You people. He didn’t see any difference between her and a servant of the One Beneath.
“A witch isn’t the same thing as a Sorceress—”
“Stop it! I don’t want to hear anything else about the—the First Laws or what a Steadfast is or any of it!” Mateo sprang to his feet. “Whatever it is you do, it’s part of what screwed over my whole life before I was even born.”
“Mateo—Mateo, I’m sorry—”
“For someone who’s so sorry to hurt me, you’ve done a really good job of dragging me and Verlaine into it. Who else’s life are you going to ruin?”
That wasn’t fair. It wasn’t.
Whether that was true or not, the worst part was—Nadia didn’t blame Mateo for being angry.
Why would anybody trust a witch, any witch, after learning this?
“I should go,” she said quietly.
“Yeah. You should.”
Mateo gave her a ride home, the same way he would have before, but he never spoke one word to her, not once the entire time. As he drove away, she wondered whether he ever would again.
Verlaine had suspected that something was up for Nadia and Mateo tonight. What she didn’t know was whether it was a magical something, in which case she felt kind of left out and would consider going all the way to annoyed, or a dating something, in which case, fine, she could get all the details from Nadia tomorrow.
She sighed as she rolled back on her bed. After years and years of being treated like a social pariah, Verlaine was still wrapping her head around the idea of having … okay, maybe friends was too strong a word. But they were people to hang out with. People she expected to tell her about their days, and people she found herself waiting to talk to. It was more than she’d had in far too long. So shouldn’t she be less lonely, instead of more?
But now that she could dream of not being alone—all the dreams she had about finding love, about some guy finding her, had come rushing in.
College, she’d told herself. I’ll find somebody in college. The guys won’t be such jerkwads then. They’ll be more mature. I’ll meet somebody awesome. Verlaine didn’t even know exactly what this awesome guy would be like; she imagined him looking a little like Jeremy Prasad but acting way, way nicer.
Now, though, Verlaine was done with being alone. Done with being a patient good girl. Her life had started changing, and she wanted it to change completely.

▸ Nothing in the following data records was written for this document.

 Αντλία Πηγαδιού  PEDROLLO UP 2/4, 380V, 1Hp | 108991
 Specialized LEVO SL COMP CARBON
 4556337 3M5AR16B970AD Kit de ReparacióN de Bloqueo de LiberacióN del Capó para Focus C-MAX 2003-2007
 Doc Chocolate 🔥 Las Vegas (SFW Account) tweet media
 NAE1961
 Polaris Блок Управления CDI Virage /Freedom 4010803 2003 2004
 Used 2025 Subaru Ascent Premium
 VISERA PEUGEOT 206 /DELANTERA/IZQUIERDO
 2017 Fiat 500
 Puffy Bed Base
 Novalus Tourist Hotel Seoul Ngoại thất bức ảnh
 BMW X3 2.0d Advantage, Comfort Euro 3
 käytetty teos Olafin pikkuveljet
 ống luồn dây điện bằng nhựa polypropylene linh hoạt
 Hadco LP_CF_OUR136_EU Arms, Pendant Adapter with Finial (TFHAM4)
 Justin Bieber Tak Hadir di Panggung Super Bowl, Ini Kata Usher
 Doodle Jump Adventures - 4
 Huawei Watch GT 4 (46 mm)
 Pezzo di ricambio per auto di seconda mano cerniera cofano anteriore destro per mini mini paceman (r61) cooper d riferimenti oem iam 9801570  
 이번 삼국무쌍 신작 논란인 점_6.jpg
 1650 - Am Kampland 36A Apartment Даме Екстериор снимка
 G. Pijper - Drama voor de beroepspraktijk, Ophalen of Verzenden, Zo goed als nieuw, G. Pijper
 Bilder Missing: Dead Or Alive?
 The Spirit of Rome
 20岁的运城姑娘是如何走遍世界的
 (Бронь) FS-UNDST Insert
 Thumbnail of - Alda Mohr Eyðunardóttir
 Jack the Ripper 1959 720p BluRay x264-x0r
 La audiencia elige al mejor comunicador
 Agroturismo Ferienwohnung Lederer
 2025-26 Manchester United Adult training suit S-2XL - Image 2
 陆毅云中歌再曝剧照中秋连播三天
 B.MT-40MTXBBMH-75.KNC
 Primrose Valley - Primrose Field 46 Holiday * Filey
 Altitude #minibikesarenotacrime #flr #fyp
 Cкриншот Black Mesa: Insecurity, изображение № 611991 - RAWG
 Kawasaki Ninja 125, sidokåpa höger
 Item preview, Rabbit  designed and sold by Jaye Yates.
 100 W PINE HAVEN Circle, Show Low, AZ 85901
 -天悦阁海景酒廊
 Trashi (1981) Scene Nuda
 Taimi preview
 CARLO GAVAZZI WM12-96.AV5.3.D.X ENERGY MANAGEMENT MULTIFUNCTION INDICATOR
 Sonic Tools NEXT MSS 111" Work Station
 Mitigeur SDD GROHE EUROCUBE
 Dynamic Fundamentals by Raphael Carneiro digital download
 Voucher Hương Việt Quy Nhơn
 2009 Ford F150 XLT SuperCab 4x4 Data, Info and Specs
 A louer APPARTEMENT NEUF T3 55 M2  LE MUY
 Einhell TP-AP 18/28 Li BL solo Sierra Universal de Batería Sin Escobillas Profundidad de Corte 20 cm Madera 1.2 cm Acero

One thing at a time, she thought. Nudging her cat, Smuckers, to one side, she pulled her cell phone out from under him; it was warm and dusted with orange fur. Verlaine brushed it off, deciding that just texting Nadia to check in wouldn’t be too intrusive, even if she and Mateo were together—
—which was when the screams started outside.
Verlaine leaped up and ran for the front door, only a couple of steps ahead of her uncles in their bathrobes. “What the hell?” Uncle Dave yelled. “Are Claire and Bradford fighting again? If they damage our truck one more time, that’s it. We’re calling the cops. I don’t care whether Claire’s in anger-management therapy or not.”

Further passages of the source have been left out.